“The phrase “kindred spirit” evokes for women who grew up reading the stories of the adventures and misadventures of Anne Shirley Anne Shirley a young woman, an orphan, who desperately wants to have a shared relationship that is a true and lasting connection between people as deep as a connection of kin but as individually affirming as friendship.” At least that is what I said in the K entry in 2016’s A to Z.
This year K is being revisited as K terms which link to iconic Female elements in culture and for individual women. I am not terribly well informed about Hinduism having only formally studied the Bhagavad Gita in a ancient literature class in college. But in this post, written the same day the K entry is to be posted — argh, I am examining the Kindred Kali, which may (or may not, I don’t want to tout my abilities beyond what is reasonable) clear up some of the problems I have noticed in Western world friends’ interpretations of Kali who often view the deity Kali through a feminist lens.
I do not want to go over territory previously covered. However, I want to draw in the one aspect of the word kindred that is conceptually important for contemporary women; that of the kindred that is reflected in the title of the novel by Octavia Butler: Kindred. This work had some challenges that stemmed from being first published in the 1970 from feminist interpretations at a time when feminism was primarily a white woman’s tool. Womanist interpretations of identity are more inclusive of individually contradictory, but accepted, aspects of a culture reflected in individuals as a whole than feminism.
I hope to show the breadth of the concept of kindred by featuring two very distinct icons which reflect aspects of the concept.
Kindred spirits live in the domain of women. Kali is the fierce manifestation of the mother goddess.
Butler looks at how a contemporary woman who sees beyond the limitations placed on her by a set of historical facts, ultimately comes to accept that she cannot know those shaping forces without having experienced them directly. We all live in worlds we did not make, but we do have the power to shape our world by learning and experiencing all we can so we can work with constraints we inherited.
Kali created the domain that is women’s, and men’s. She is the warrior who is counterpart to Shiva. She is unbridled energy that creates and destroys and part of the cycle of time. Shiva often is shown throwing himself under her feat to stop her raging. Kali is untamed, beyond the constraints of humanity. She protects her young, but she is life and death as these states are inseparable. She does not tolerate evil deeds or demons.
In kin, and kindred, we often ignore the terrible as we want to gloss over the aspects of people and life that make us uncomfortable. Ancient Hindu tales of origin and deity understand the contradictions inherent in a world that was here before we were and that continues on after we are no more.
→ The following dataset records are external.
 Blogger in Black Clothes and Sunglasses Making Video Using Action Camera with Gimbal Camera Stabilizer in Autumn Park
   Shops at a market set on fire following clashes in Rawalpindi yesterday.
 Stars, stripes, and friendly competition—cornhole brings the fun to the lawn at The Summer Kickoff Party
The kindred of whom of whom Butler writes are many: ancestors, people who share a race, people who share a lineage, women of your time, and women who came before. Sex, race, and status, as well as slavery are the themes of Butler’s Kindred. Butler is usually called a science fiction writer and she was one of stand out greats of speculative fiction. She died young, while in her 50s, but left a good body of work. Kindred is a time travel novel in which a young black woman from 1976 is repeatedly pulled back through time where she make life and death decisions about an ancestor of hers, a slave owner. This is a gross oversimplification, but that is the action that feeds the plot.
This is a great vehicle to examine race, gender, and sex in our contemporary world. A 20th Century black woman who is well educated, independent and partnered to a man of another race has to face the reality of the horrors of slavery and the complexity of family where people own and are owned by relatives, abused and treated as property by fathers who raped and owned their mothers.
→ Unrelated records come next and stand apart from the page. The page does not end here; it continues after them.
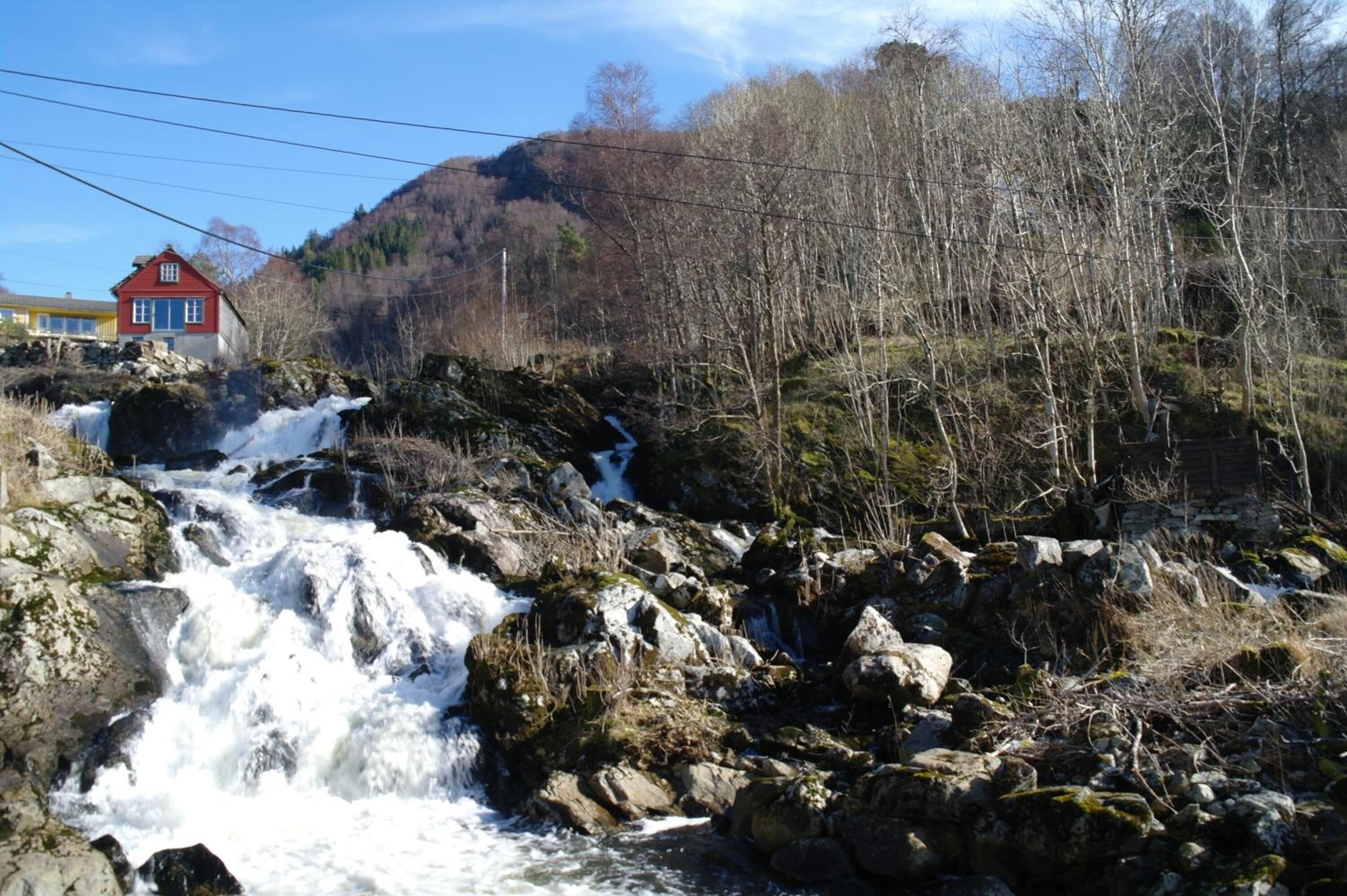 Una cascada se precipita sobre rocas, con una casa roja al fondo.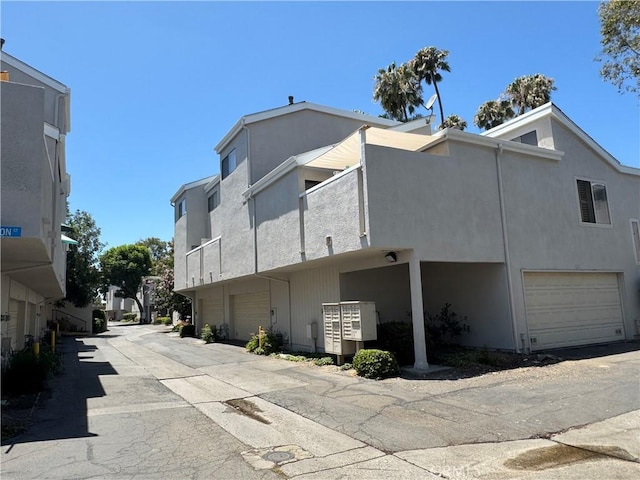 1525 Welldow Ln, Fullerton, CA 92831 - view of home's exterior featuring a garage, stucco siding, and driveway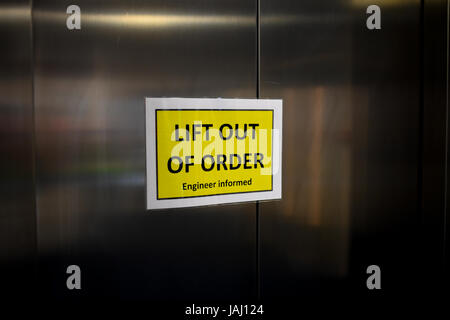 A lift with a sign on saying that the lift is Out of Order Stock Photo ...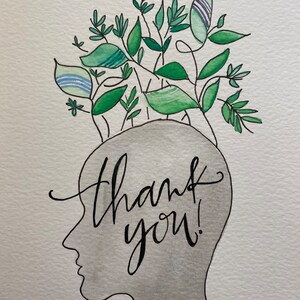 May include: Watercolor illustration of a gray silhouette of a head with green and blue leaves sprouting from the top. The words "thank you!" are written in black cursive script across the head.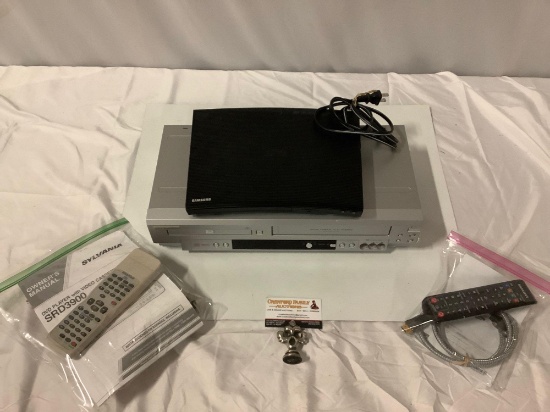 2 pc. lot: SAMSUNG Blu Ray Disc Player w/ remote, SYLVANIA DVD / VHS Player w/ remote, sold as is.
Can generations of time mute the cries of indifference and cruelty that were part of all that brought all of us to the present? Time is Kali’s domain, as is night.
Kindred spans time as well as space. Kindred spans race. Kindred crosses gender and the sexes. But as Butler shows by having a woman first deal with this bit of the past that is herself, women shape the story, the history of of what comes down through families. Determining kindred is ultimately determining family and thus self.
It seems that all of the great mothers of ancient humans are complex creatures, iconic crones, frightening. The Hindu deity filling this niche seems to accept the complexity of all that is associated with the wonder and terror of life and death. Learning to see these same traits with us, within our roles, brings together the personal and historic by illuminating the mythic within us that cannot be understood, or contained, but rather respected and accepted.
A to Z - 2018 - Feminine Icons
As I write about iconic elements of The Feminine, or what are representations of essential aspects of figures that stand for women in various phases of life or in actions or behaviors that are inherently female, I try achieve some balance although biases are inevitable. All humans have biases. One of the biases that I would love to overcome is my Eurocentric bias. The world is a vast mixture of peoples and cultures. I am somewhat ashamed that I am not more global in my knowledge.
To overcome some of that bias, I want to travel to the world of the Maya who like so many other cultures have symbolically celebrated the wisdom and power of aged women in one of their Jaguar deities.
The incorporation of animal spirits into the gods and goddesses that helped the Maya give meaning and order to their world is essential to any understanding of their world view. Nature, people, and the animals and plants of their environment cannot be looked at individually. A pantheon of ruling and guiding spirits collectively influenced all peoples lives, not just human-formed deities, but mythic and magical beings taken from all aspects of the environment in which they lived.
The Jaguar was the top predator in the Mayan world. It is easy to understand the awe given to the Jaguar by the Mayans if you have ever been in the wild near a large cat.
My own first such experience was in Arivaipa Canyon in Arizona when my daughter was young. We were hiking as a group of around 10 people including a couple of children. This was a permitted hike in the section managed by the BLM. A mountain lion walked with us all of one day, as far as we could tell, pacing us along a cliff-top trail. It was stealthy but once spotted, we kept the kids in the middle of the group so the cat would not get any ideas that it could snag a straggler. I was not afraid, but I was in awe. I was just a part of nature, as was the mountain lion. Jaguars are bigger than mountain lions.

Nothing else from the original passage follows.